[WHAT THIS TASK INVOLVES] Keyword search on "Jacket": report each line of the records that contains it.
___ SUPPLIED DATA
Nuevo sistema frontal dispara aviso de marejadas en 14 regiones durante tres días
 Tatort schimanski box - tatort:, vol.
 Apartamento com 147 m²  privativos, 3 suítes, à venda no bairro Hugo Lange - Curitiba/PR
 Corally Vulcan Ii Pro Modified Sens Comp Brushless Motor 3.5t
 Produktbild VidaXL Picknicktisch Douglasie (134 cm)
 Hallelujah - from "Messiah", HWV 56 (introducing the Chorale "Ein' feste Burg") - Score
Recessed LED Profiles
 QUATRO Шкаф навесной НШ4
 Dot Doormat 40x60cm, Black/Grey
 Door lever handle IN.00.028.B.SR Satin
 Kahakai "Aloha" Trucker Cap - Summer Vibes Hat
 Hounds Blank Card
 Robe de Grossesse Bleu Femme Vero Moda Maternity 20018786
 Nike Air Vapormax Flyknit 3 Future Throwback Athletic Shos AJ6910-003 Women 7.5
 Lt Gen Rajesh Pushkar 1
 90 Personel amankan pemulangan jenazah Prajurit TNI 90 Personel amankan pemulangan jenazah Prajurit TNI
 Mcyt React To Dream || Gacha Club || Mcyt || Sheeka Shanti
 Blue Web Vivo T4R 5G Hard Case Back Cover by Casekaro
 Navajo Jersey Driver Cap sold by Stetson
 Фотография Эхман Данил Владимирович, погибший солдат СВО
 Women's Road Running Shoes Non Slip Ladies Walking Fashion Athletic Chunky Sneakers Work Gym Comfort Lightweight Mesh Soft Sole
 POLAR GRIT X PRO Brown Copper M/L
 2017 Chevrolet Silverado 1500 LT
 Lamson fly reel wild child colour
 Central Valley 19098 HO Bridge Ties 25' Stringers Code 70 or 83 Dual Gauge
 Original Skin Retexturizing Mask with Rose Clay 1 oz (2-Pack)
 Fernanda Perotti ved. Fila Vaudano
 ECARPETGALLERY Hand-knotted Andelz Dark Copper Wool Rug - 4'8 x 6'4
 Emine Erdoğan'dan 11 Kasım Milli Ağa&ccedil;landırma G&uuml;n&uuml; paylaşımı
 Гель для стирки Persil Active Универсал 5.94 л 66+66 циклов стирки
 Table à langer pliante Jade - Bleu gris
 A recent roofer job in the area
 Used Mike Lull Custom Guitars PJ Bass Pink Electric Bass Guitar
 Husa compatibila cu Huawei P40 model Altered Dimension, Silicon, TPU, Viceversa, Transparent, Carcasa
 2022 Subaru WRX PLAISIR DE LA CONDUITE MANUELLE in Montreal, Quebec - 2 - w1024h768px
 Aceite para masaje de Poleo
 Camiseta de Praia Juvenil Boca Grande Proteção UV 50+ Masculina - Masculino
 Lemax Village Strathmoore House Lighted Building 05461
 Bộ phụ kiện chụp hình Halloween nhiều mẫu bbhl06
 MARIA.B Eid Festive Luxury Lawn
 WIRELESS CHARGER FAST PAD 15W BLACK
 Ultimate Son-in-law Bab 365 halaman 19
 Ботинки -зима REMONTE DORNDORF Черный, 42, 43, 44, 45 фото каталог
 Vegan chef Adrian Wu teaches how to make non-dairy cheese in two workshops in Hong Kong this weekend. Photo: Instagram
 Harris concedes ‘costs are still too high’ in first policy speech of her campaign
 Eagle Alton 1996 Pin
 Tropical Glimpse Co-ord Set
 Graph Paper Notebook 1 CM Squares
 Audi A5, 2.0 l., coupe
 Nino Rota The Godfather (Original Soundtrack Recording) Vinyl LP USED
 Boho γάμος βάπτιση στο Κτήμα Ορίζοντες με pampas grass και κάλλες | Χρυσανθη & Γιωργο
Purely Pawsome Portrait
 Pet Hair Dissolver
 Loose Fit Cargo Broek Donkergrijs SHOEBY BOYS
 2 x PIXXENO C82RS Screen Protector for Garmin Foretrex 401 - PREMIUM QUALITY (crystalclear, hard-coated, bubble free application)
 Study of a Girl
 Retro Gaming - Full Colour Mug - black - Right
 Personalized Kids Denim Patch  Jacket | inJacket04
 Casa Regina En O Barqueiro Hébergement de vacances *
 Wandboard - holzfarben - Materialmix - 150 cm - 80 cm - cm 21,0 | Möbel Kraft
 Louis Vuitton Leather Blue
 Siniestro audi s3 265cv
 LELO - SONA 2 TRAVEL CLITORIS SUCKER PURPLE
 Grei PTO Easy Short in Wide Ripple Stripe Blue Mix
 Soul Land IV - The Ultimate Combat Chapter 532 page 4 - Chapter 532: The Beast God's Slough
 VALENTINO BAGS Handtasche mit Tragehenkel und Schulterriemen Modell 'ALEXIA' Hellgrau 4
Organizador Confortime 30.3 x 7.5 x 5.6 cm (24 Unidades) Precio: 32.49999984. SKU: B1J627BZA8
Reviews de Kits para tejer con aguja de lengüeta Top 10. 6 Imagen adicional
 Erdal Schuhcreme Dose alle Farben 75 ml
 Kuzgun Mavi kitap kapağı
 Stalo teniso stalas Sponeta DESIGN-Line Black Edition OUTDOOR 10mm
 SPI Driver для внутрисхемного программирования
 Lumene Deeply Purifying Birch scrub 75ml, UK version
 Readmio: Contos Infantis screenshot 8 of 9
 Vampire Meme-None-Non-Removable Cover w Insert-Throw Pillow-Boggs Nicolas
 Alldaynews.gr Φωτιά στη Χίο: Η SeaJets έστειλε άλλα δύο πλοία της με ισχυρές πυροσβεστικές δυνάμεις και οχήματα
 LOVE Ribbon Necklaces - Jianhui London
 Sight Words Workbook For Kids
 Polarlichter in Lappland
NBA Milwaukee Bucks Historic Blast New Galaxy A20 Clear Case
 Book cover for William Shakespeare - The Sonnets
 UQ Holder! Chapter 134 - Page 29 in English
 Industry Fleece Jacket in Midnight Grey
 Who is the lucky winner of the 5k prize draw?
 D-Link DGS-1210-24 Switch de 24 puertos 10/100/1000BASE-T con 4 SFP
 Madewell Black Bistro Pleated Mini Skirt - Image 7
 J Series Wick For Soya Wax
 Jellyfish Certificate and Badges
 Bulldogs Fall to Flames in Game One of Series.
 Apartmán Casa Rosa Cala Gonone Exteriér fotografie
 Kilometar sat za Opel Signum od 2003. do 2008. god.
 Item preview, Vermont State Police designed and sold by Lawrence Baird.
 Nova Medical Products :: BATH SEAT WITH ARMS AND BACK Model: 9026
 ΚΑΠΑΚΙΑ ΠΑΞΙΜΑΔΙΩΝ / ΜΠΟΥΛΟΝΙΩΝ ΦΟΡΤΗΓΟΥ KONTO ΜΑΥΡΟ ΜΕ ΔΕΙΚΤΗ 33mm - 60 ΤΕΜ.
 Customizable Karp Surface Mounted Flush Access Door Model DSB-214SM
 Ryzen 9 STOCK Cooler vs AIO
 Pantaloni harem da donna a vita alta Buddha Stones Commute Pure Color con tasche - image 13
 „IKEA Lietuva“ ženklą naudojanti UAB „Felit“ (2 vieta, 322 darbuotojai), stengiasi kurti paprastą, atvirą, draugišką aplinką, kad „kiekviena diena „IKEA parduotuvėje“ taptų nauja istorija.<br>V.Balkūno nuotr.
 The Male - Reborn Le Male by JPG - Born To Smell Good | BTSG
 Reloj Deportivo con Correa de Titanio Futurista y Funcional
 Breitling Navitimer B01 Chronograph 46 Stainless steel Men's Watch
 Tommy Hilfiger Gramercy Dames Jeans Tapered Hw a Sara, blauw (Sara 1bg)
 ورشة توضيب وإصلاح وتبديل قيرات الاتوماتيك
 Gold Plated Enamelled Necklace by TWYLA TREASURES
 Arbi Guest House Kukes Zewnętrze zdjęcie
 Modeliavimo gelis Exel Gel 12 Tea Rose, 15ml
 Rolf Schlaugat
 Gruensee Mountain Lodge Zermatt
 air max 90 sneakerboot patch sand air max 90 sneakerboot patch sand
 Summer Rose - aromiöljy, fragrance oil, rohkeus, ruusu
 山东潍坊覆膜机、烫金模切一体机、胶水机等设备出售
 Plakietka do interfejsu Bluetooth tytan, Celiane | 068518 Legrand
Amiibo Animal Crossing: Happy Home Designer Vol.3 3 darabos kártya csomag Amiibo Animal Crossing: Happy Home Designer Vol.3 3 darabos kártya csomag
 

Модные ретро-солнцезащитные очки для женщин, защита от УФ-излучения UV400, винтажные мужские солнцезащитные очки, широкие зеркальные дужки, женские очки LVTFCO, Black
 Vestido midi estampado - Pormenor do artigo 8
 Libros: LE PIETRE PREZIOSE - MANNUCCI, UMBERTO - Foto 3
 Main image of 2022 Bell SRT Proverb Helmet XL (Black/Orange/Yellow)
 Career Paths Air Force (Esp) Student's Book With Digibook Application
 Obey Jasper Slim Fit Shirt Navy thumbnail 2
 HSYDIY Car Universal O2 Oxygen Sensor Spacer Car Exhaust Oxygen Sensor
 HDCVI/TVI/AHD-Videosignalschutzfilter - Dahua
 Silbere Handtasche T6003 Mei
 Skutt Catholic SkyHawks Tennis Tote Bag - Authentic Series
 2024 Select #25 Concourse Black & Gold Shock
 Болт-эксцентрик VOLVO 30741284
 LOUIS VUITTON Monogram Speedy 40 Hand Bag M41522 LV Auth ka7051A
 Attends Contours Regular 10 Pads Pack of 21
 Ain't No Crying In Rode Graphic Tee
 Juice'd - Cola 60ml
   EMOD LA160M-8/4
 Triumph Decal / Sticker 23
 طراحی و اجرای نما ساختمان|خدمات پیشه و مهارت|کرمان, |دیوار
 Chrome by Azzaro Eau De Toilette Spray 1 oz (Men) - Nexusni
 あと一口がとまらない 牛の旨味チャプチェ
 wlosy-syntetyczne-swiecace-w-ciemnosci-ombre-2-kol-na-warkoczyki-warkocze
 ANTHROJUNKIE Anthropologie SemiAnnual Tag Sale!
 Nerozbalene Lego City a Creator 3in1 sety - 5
______
[RESULT BELOW]
 Personalized Kids Denim Patch  Jacket | inJacket04
 Industry Fleece Jacket in Midnight Grey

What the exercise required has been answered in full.